A Lire et à diffuser

FIGAROVOX/BLOC-NOTES – Notre chroniqueur fustige le silence des « belles âmes » depuis que l’auteur présumé de la tuerie au Musée juif de Bruxelles a été identifié.

Trente ans de récitations antiracistes pour en arriver là: le crime antisémite (quatre morts dans la fusillade au Musée juif de Bruxelles) du «Français» Mehdi Nemmouche, arrêté à Marseille, ne fera descendre dans les rues ni les sermonnaires ni les musulmans. Les premiers ne diront rien de crainte de stigmatiser les seconds. Ceux-ci seront encouragés à se présenter en victimes plutôt qu’à se désolidariser, visiblement, des fanatiques qui font du Coran une lecture guerrière. La même émotion molle avait répondu à la barbarie de Mohamed Merah en 2012, qui avait tué jusque dans leur école de Toulouse des enfants juifs au nom du djihad. Ce soudain mutisme des belles âmes est méprisable.

« Quand la haine antijuive portée par l’islam radical supprime des vies, les regards se détournent, le relativisme est avancé, et les excuses abondent. Ces capitulards font honte. »
Quand la haine antijuive portée par l’islam radical supprime des vies, les regards se détournent, le relativisme est avancé, et les excuses abondent. Ces capitulards font honte.
L’avocat Gilles-William Goldnadel l’écrit avec justesse (FigaroVox, lundi): «Depuis la fin de la Seconde Guerre mondiale, le sang juif qui a coulé en Europe n’aura jamais coulé des causes de l’extrême droite.
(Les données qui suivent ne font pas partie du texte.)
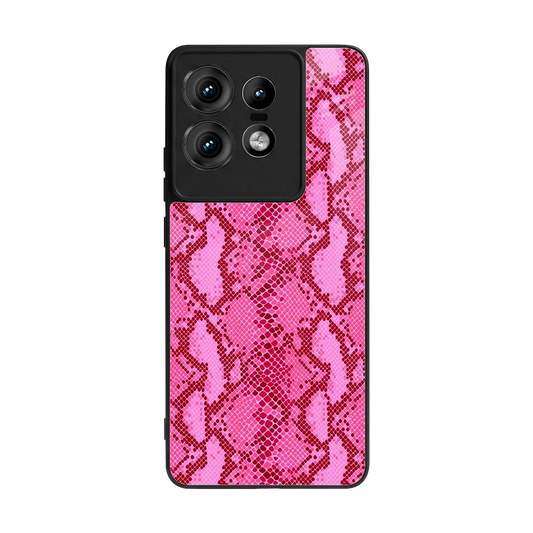 Pink Serpent back phone cover | glass case for motorola edge 50 pro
Seulement de l’islamisme, de l’antisionisme ou de l’extrême gauche (Carlos, Action directe).» Mais le terrorisme intellectuel imposé par les comités de vigilance contre l’islamophobie, aidés de zélés collaborateurs, intimide les esprits dociles. Ceux-là s’interdisent de désigner l’islam politique pour ce qu’il est: un totalitarisme sexiste, raciste, judéophobe. Quand le ministre de l’Intérieur, Bernard Cazeneuve, déclare de sa voix d’évêque (lundi, Europe 1): «Il n’y a pas de guerre de religion ou de civilisation. L’islam n’a rien à voir avec ces agissements (de Nemmouche)», il enchante les dissimulateurs à la bouche en cœur.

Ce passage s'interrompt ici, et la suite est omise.